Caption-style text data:
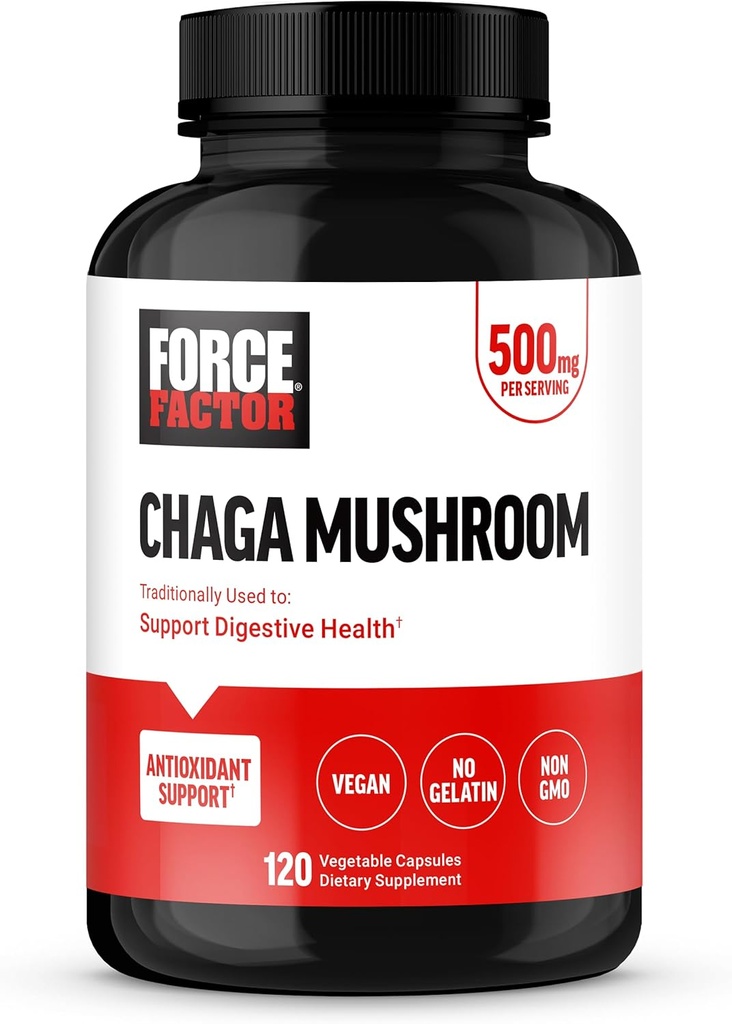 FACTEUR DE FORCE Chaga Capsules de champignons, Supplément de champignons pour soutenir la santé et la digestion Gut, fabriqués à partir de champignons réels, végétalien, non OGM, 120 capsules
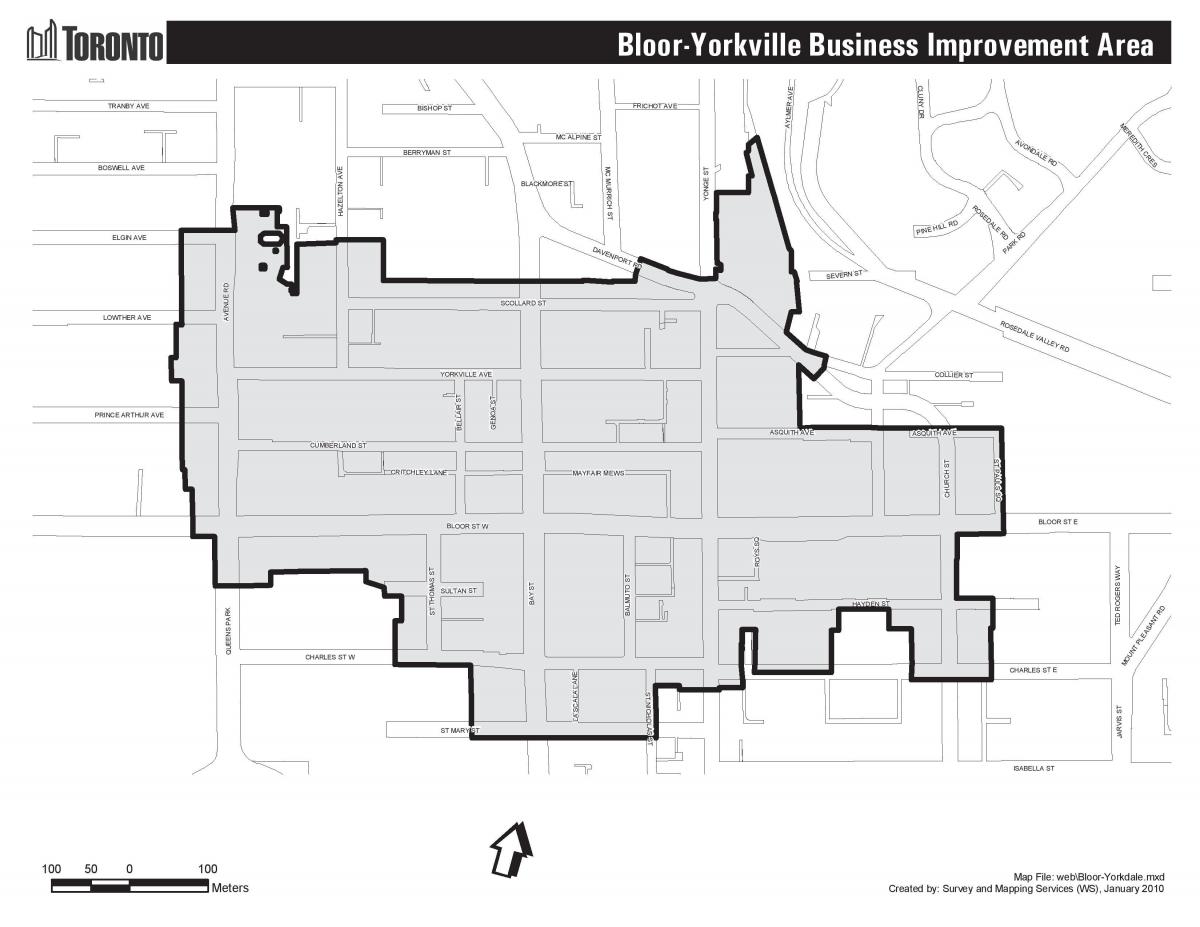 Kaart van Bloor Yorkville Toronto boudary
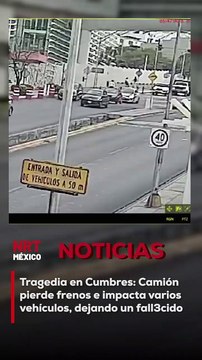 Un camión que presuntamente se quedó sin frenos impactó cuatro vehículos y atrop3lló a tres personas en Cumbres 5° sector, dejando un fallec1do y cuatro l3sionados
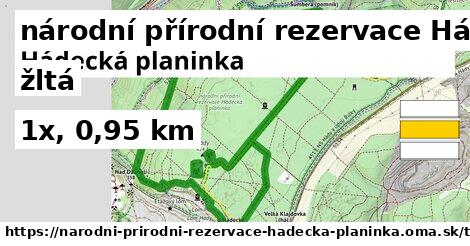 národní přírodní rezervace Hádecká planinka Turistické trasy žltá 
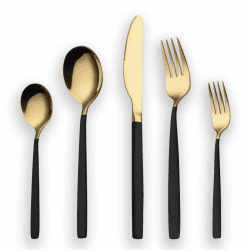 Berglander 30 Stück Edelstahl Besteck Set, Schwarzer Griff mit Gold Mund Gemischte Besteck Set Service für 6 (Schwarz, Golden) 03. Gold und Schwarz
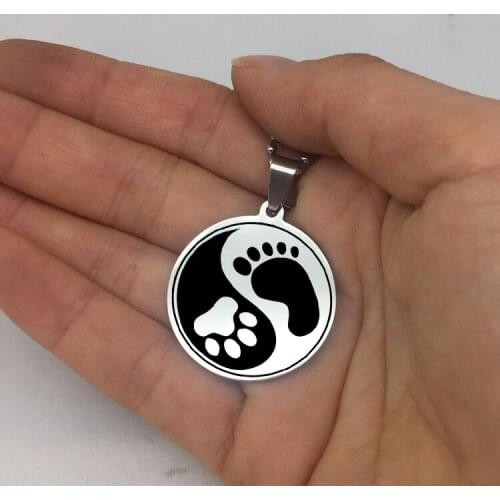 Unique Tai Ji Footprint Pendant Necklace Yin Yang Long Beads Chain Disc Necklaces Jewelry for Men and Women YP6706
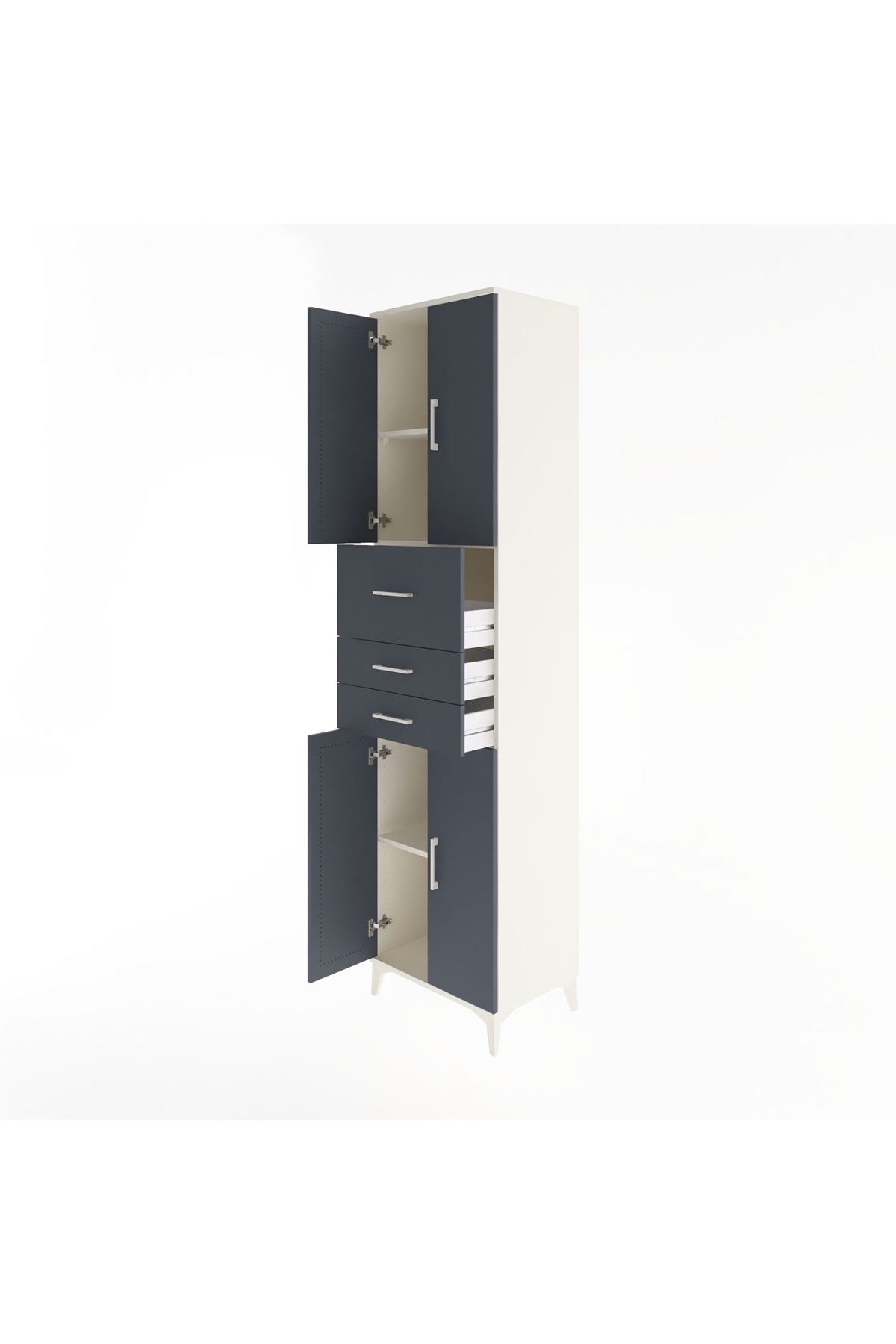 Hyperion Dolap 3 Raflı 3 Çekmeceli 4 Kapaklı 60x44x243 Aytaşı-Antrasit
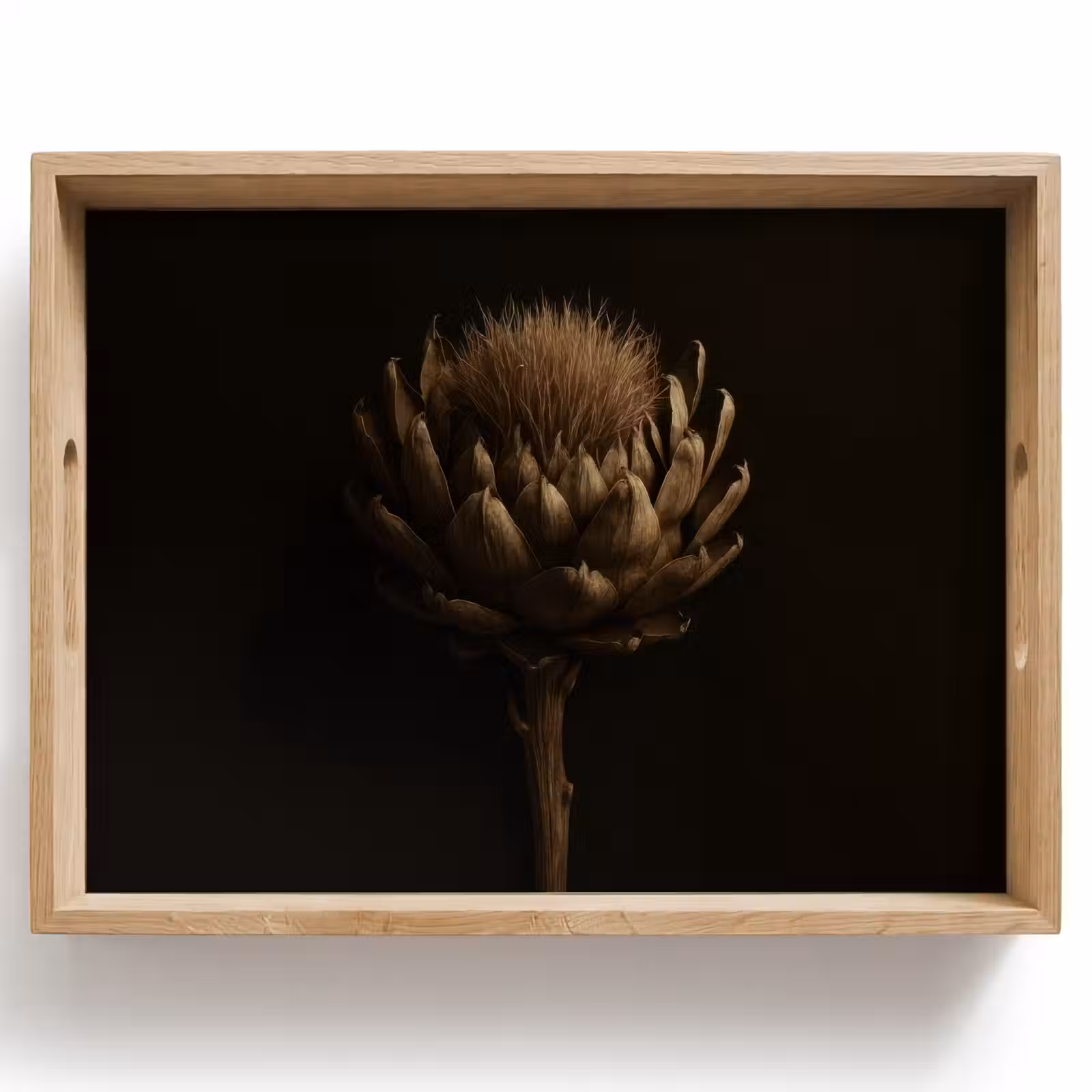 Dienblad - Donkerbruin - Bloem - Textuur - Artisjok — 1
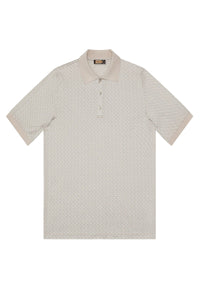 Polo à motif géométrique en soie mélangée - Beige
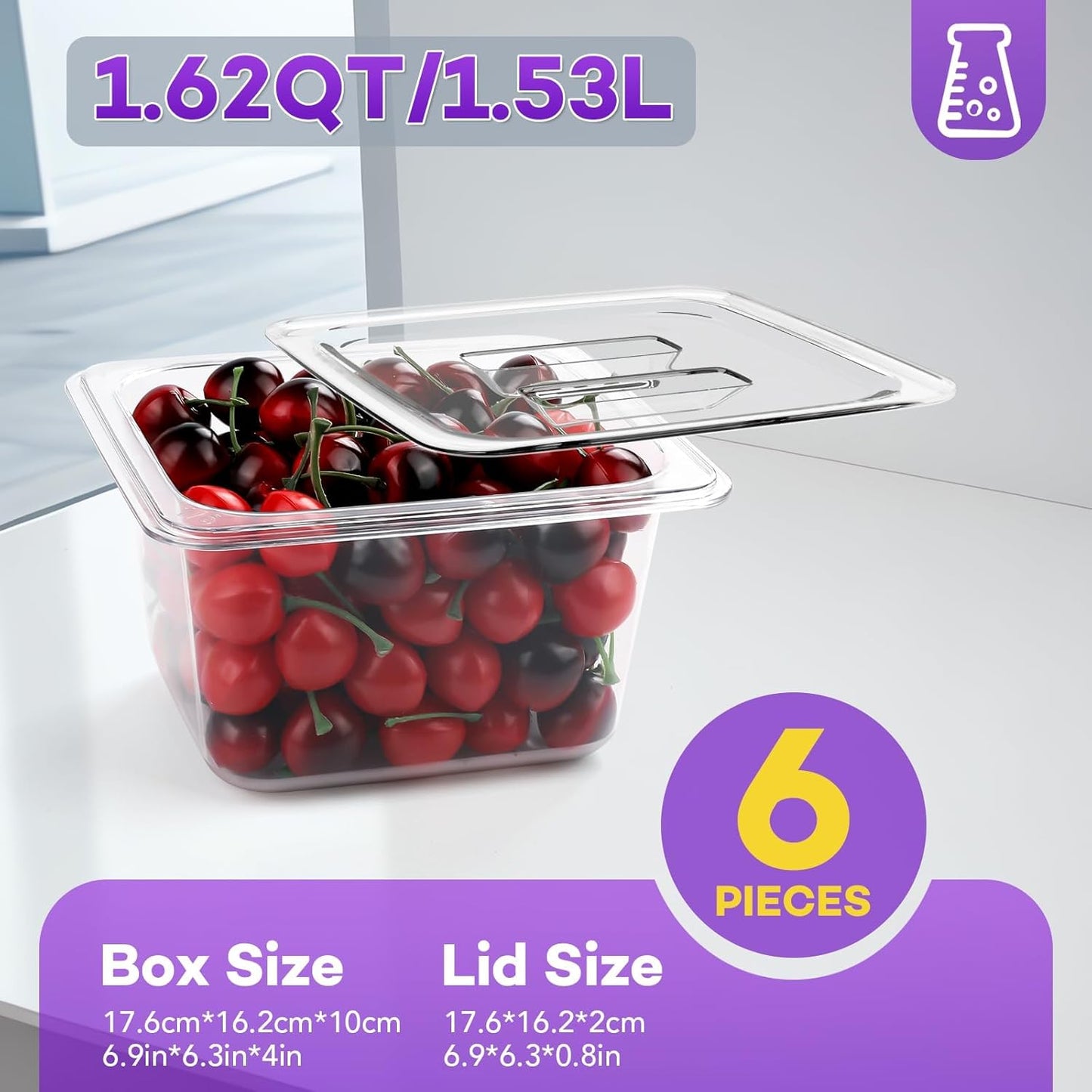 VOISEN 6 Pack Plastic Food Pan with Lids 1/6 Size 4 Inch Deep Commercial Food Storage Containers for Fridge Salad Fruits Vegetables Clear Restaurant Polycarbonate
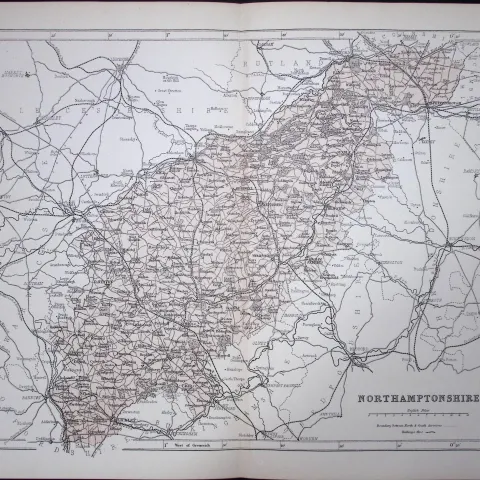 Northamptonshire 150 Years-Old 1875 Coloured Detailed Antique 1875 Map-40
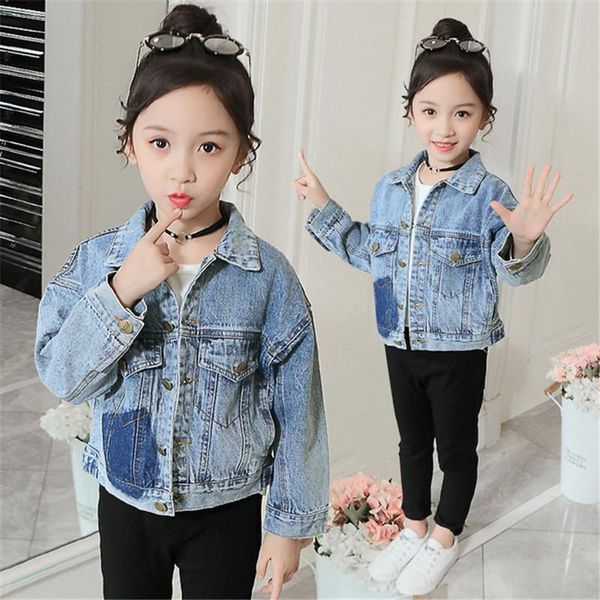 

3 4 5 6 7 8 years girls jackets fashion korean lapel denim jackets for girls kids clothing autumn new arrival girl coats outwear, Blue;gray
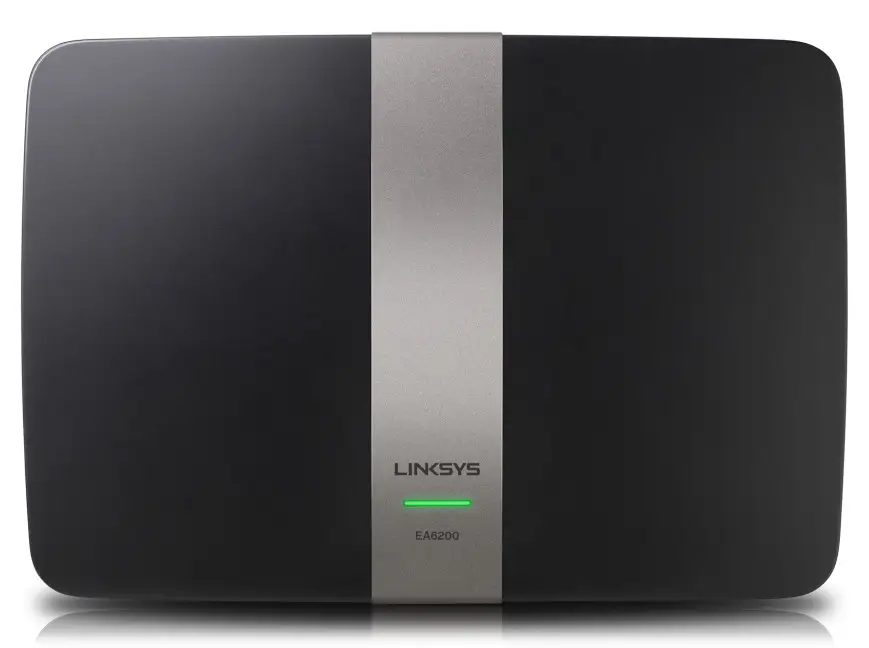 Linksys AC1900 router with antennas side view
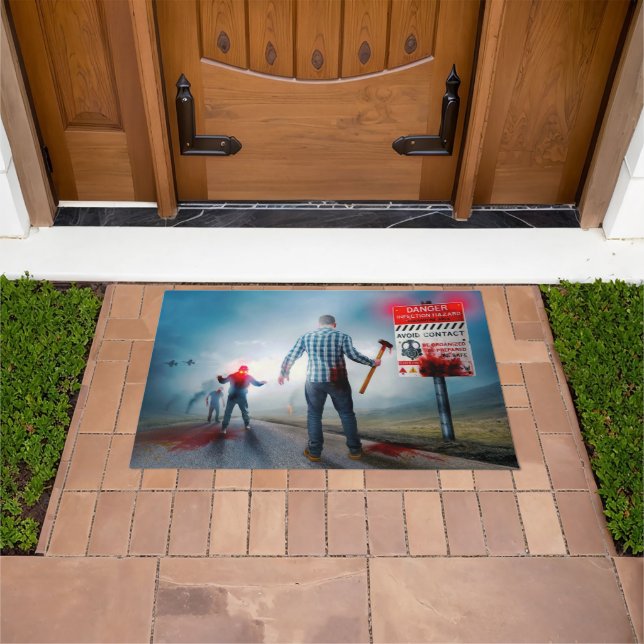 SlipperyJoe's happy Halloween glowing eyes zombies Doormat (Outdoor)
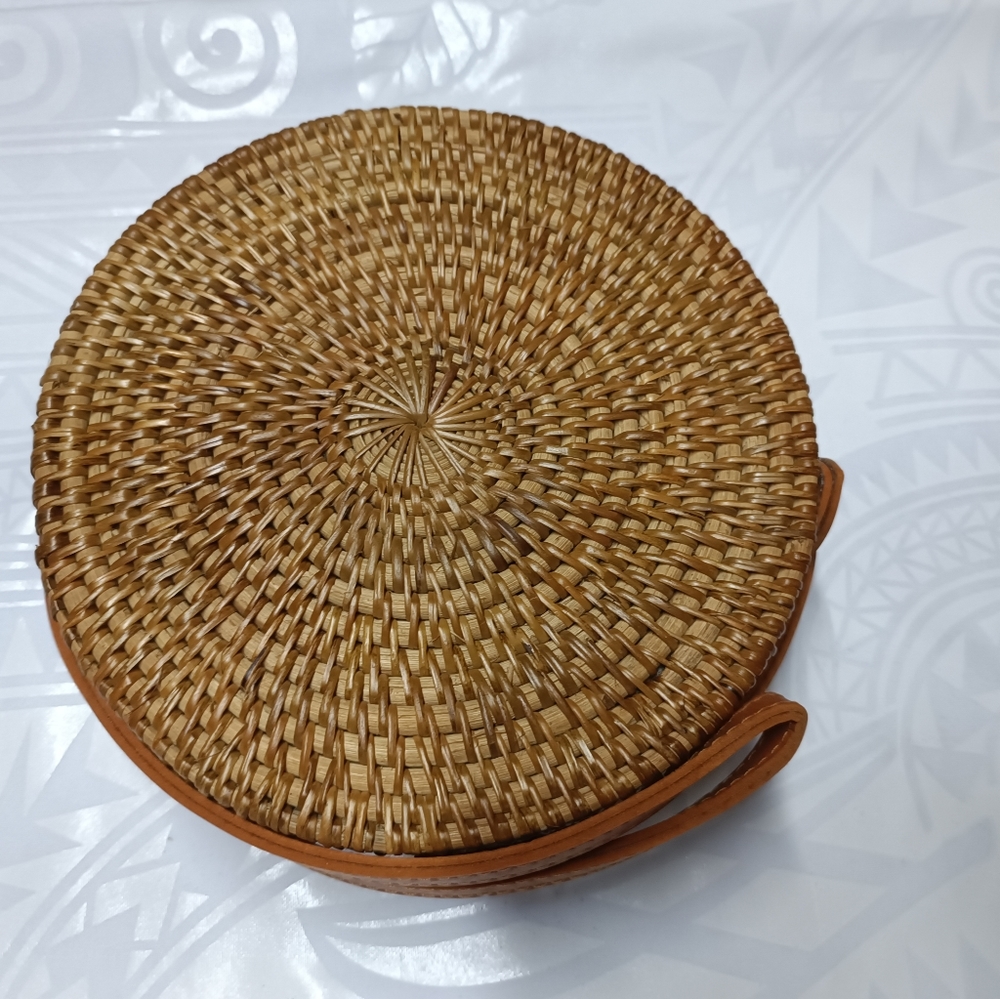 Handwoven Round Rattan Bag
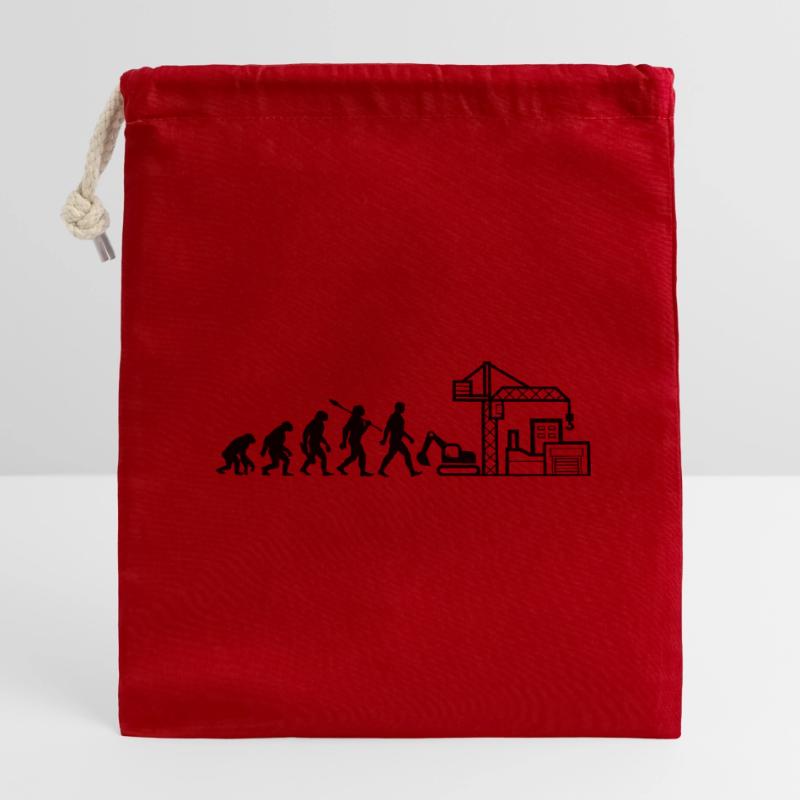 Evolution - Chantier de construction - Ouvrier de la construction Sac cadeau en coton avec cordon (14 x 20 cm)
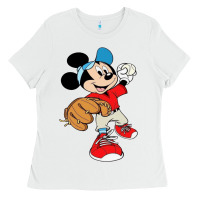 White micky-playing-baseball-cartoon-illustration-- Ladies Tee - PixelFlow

- [Directions for this task]: Among the entries above, take the line with "Hyperion Dolap 3", the line with "Handwoven Round Rattan Bag", and all the lines between them, and restate them word for word without pictures.

- [Response box]:
 Hyperion Dolap 3 Raflı 3 Çekmeceli 4 Kapaklı 60x44x243 Aytaşı-Antrasit
 Dienblad - Donkerbruin - Bloem - Textuur - Artisjok — 1
 Polo à motif géométrique en soie mélangée - Beige
 VOISEN 6 Pack Plastic Food Pan with Lids 1/6 Size 4 Inch Deep Commercial Food Storage Containers for Fridge Salad Fruits Vegetables Clear Restaurant Polycarbonate
 Northamptonshire 150 Years-Old 1875 Coloured Detailed Antique 1875 Map-40

3 4 5 6 7 8 years girls jackets fashion korean lapel denim jackets for girls kids clothing autumn new arrival girl coats outwear, Blue;gray
 Linksys AC1900 router with antennas side view
 SlipperyJoe's happy Halloween glowing eyes zombies Doormat (Outdoor)
 Handwoven Round Rattan Bag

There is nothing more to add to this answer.